Dabirzadeh Mansour, Hashemi Mohammad, Maroufi Yahya
Department of Parasitology and Mycology, Zabol University of Medical Sciences, Zabol, IR Iran.
Jundishapur J Microbiol. 2016 May 31;9(6):e33498. doi: 10.5812/jjm.33498. eCollection 2016 Jun.
Zoonotic cutaneous leishmaniasis (ZCL) is polymorphic disease that may show various clinical manifestations.
This study investigates the determination of genetic variation within the species of Leishmania major isolates from new cases in Chabahar, a port city in Southeast Iran (situated at the Iran-Pakistan border). Migration in this region indicates that leishmaniasis is spreading gradually, and a new micro-habitat focus appears each year.
A variety of nucleic acid detection methods that target both DNA and RNA have been developed. The restriction fragment length polymorphism analysis of amplified internal transcribed spacer 1 with polymerase chain reaction (ITS1-RFLP PCR) assay is a multipurpose tool for the diagnosis of Leishmania from clinical samples and for enabling the determination of the infecting Leishmania species. The goal of this study was the identification of species based on ITS1-RFLP in the ribosomal operon of L. major from clinically different forms of ZCL amplified by PCR, followed by the digestion of the PCR product with restriction enzymes. The profiles were observed and visualized in agarose gel under UV light. We used direct smears to identify the parasites. While taking the smear, samples were collected for culture or direct PCR. We used the PCR-RFLP assay of the ITS1 genes for direct identification of Leishmania species in 24 out of 33 suspected patients. PCR-ITS1 amplification was done on the 24 samples confirmed by culture via growth and parasitological methods.

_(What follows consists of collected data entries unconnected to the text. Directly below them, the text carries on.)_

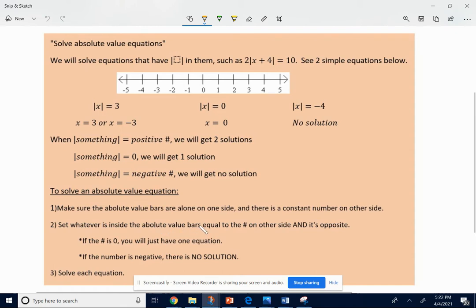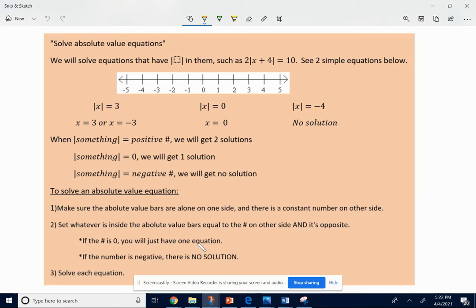When that's true, you're going to set whatever is inside the absolute value bars — it's going to be something messier than just x — equal to the number and also equal to the opposite of that number on the other side. Going back to the example: if the absolute value of something equals a positive number, you set it equal to 3 and also to negative 3. If there's a 0 on the other side, whatever is inside the absolute value bar is equal to 0 — just one equation. And if the number is negative on the other side, there's just no solution at all; you don't even have to solve it.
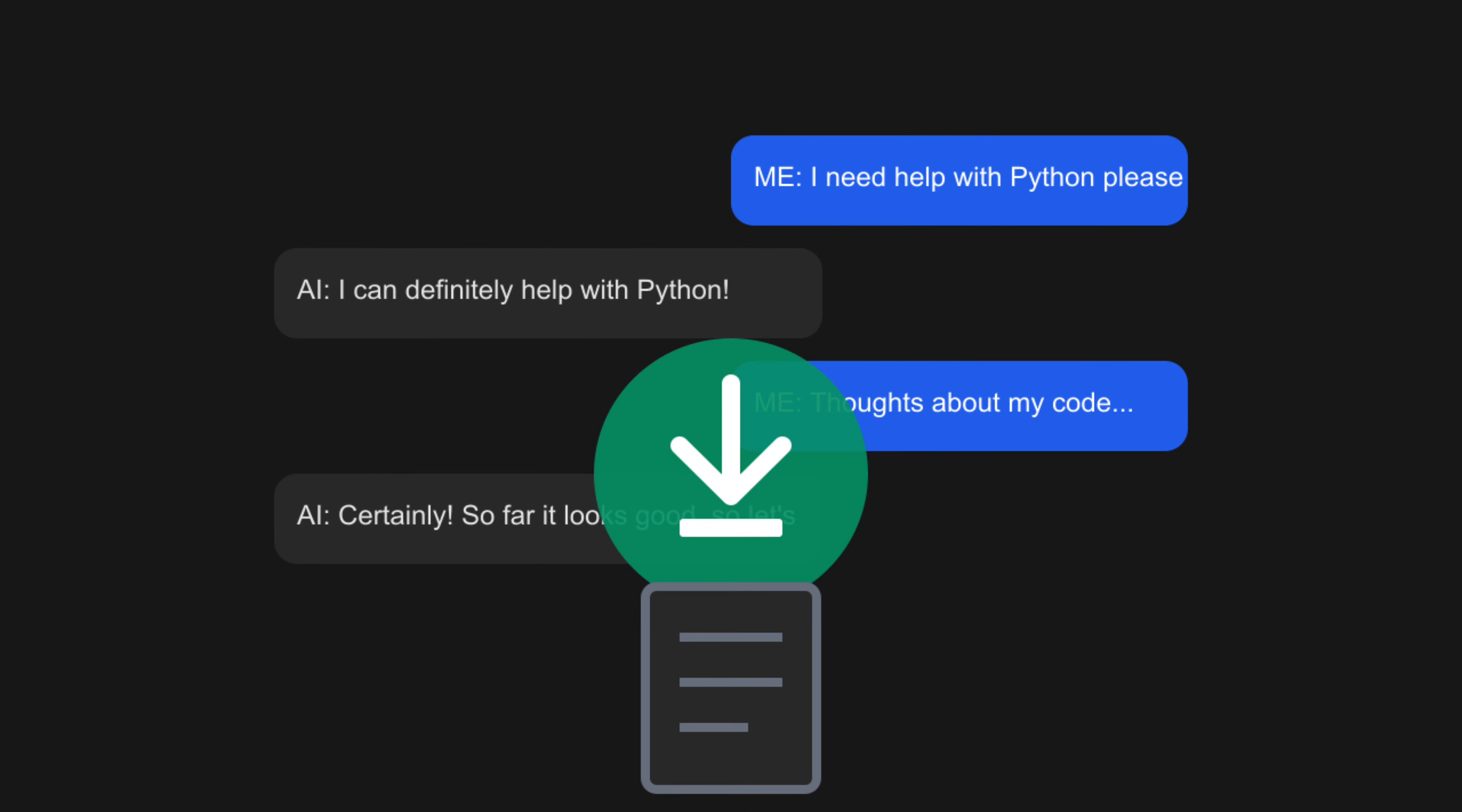As AI becomes more integrated into our daily work, tools like these will become essential. They're not just about saving conversations. They're about creating searchable, analyzable records of our AI interactions that we can learn from and build upon.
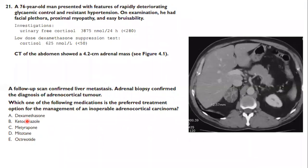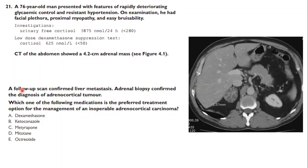Case 8: A 76-year-old man with rapidly deteriorating glycemic control, resistant hypertension, facial plethora, proximal myopathy, and easy bruisability. Urinary free cortisol is extremely high, low-dose dexamethasone suppression test fails, and CT shows a 4.2 cm inhomogeneous right adrenal mass with confirmed liver metastasis. Adrenal biopsy confirms adrenocortical carcinoma. For inoperable adrenocortical carcinoma, the preferred treatment is mitotane.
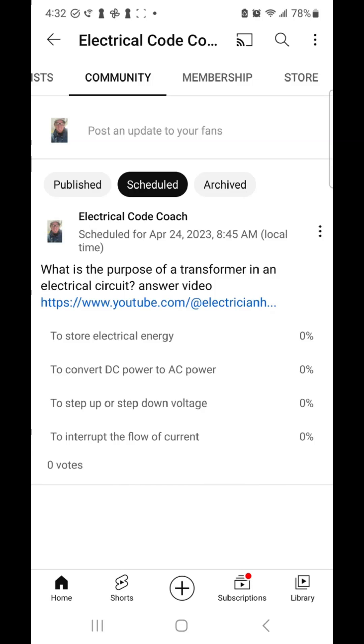These were the options: to store electrical energy, to convert DC power to AC power, to step up or step down voltage, or to interrupt the flow of current.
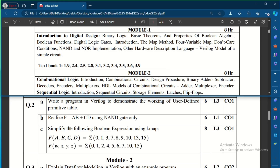Another expected question is to simplify the following Boolean expressions using a K-map, where two expressions are given. So one question will be on four-variable K-map simplification, one on Verilog, and one on NAND/NOR gate implementation or basic theorems of Boolean algebra.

Of the 24 isolates, 21 had 350 bp bands (87.5%) and three had 450 bp bands (12.5%). After using the restriction enzyme, banding patterns including fragments of 210 and 140 bp for L. major were detected in 19 cases.

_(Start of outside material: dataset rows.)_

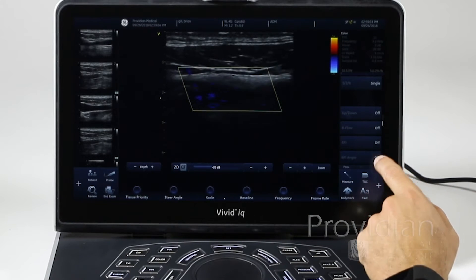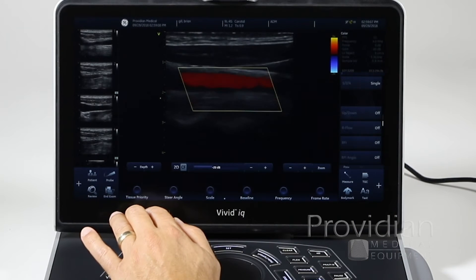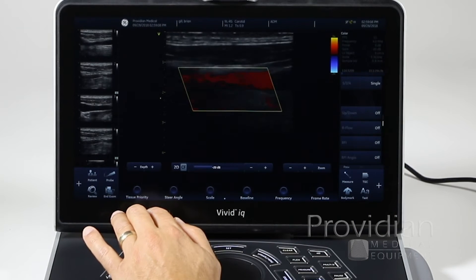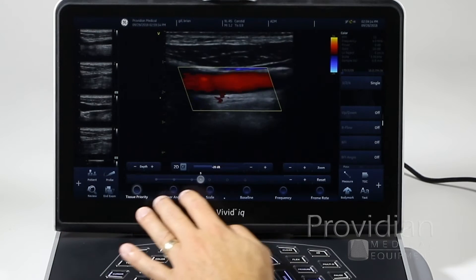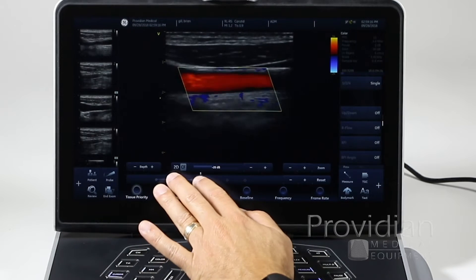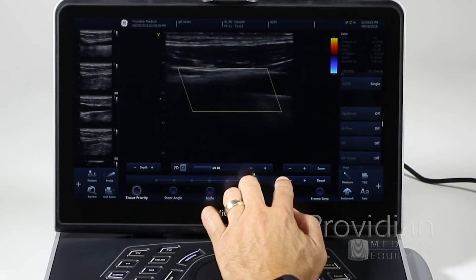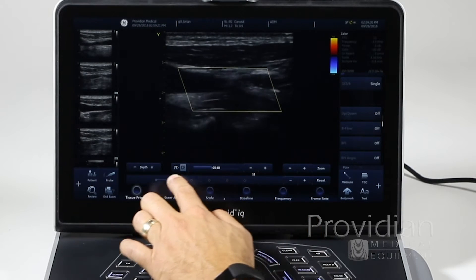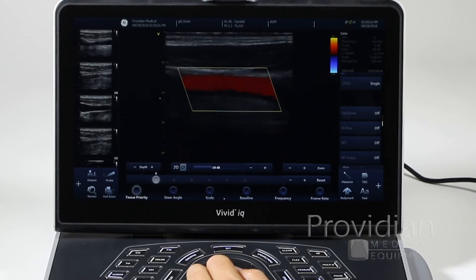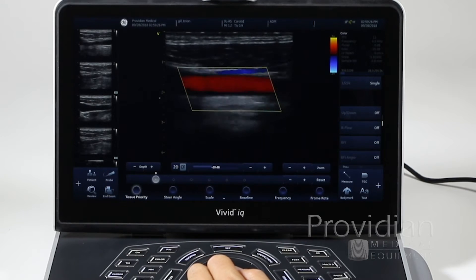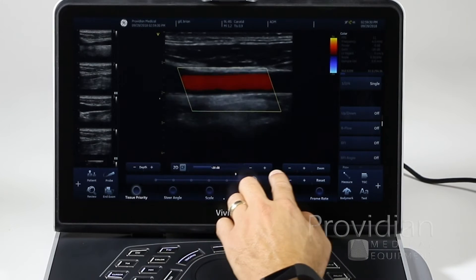Blood flow imaging and blood flow angio are right here as well. And going across the bottom, we have our tissue priority. What this is going to do is say, do you want more of the 2D image to appear or more of the color image to appear?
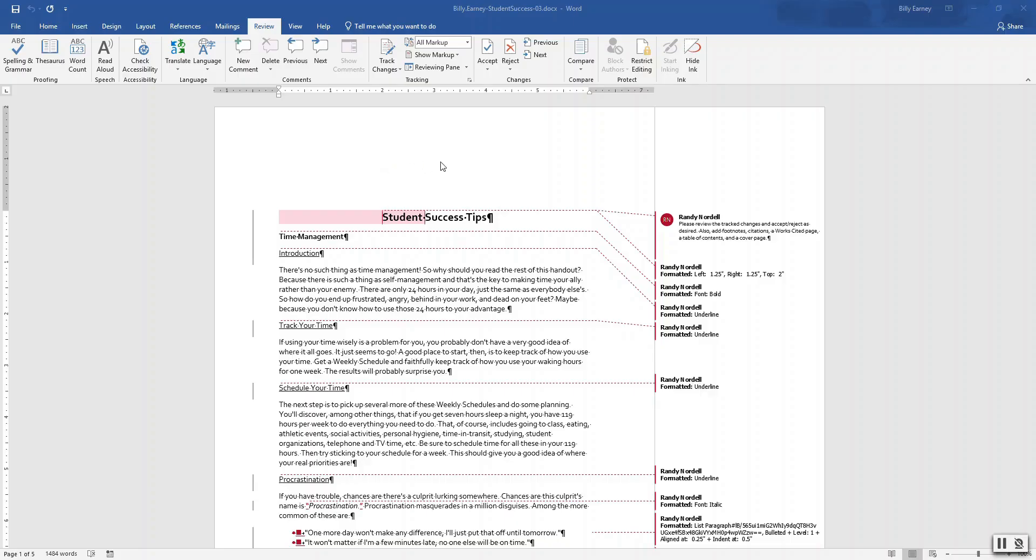Okay, step number three: view and delete selected comments and track changes.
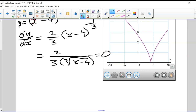The only way to get zero from a quotient is from the numerator. That's the only place to get zero. And this numerator is a constant — it's 2. So this derivative does not have any value of x that makes it equal to zero. Does that mean there are no critical numbers? Well, we just learned that's not the case.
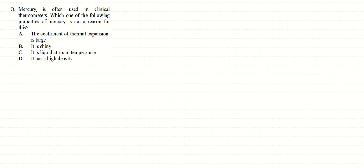All right friends, it's a theoretical question. Mercury is often used in clinical thermometers. Which one of the following properties is not a reason for this? It's very important - which property is not a reason?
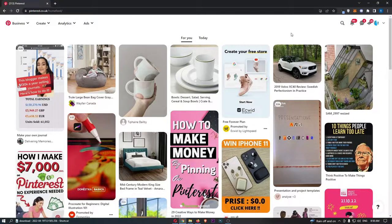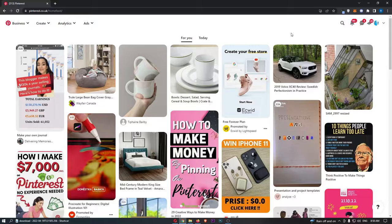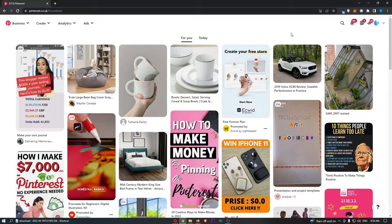How to download a pin on Pinterest. This video is going to be a complete step-by-step tutorial. If you follow along, by the end of this video, you will be able to download a pin on Pinterest.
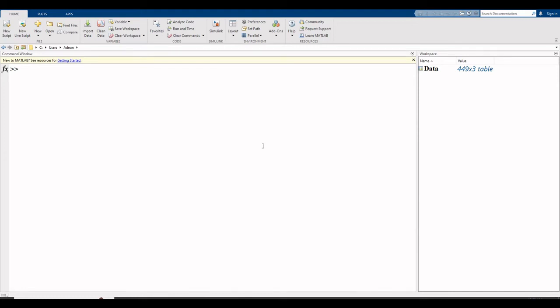In this video, I explain how to perform stepwise regression in MATLAB. Stepwise regression is used for the selection of variables or features for the purpose of modeling.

The L. major species causing ZCL in Chabahar have limited genetic variation. There seems to be little manifestation of diversity between these lesions as a new focus of disease, and new micro-habitats for the disease are appearing in parts of this region.
人兽共患皮肤利什曼病(ZCL)是一种多形性疾病,可能表现出多种临床表现。
本研究调查了来自伊朗东南部港口城市恰巴哈尔(位于伊朗 - 巴基斯坦边境)新病例的硕大利什曼原虫分离株物种内的遗传变异。该地区的人口迁移表明利什曼病正在逐渐蔓延,并且每年都会出现新的微生境疫源地。
已开发出多种针对DNA和RNA的核酸检测方法。聚合酶链反应扩增内部转录间隔区1的限制性片段长度多态性分析(ITS1 - RFLP PCR)检测是一种多用途工具,可用于从临床样本中诊断利什曼原虫,并确定感染的利什曼原虫物种。本研究的目标是基于通过PCR扩增的临床不同形式的ZCL的硕大利什曼原虫核糖体操纵子中的ITS1 - RFLP来鉴定物种,然后用限制性酶消化PCR产物。在紫外光下观察琼脂糖凝胶中的条带并进行可视化。我们使用直接涂片来鉴定寄生虫。涂片时,收集样本用于培养或直接PCR。我们对33例疑似患者中的24例使用ITS1基因的PCR - RFLP检测直接鉴定利什曼原虫物种。对通过培养生长和寄生虫学方法确认的24个样本进行PCR - ITS1扩增。
在24个分离株中,21个有350 bp条带(87.5%),3个有450 bp条带(12.5%)。使用限制性酶后,在19例中检测到包括硕大利什曼原虫210和140 bp片段的条带模式。
在恰巴哈尔引起ZCL的硕大利什曼原虫物种遗传变异有限。作为新的疾病疫源地,这些病变之间似乎几乎没有多样性表现,并且该地区部分地区正在出现该疾病的新微生境。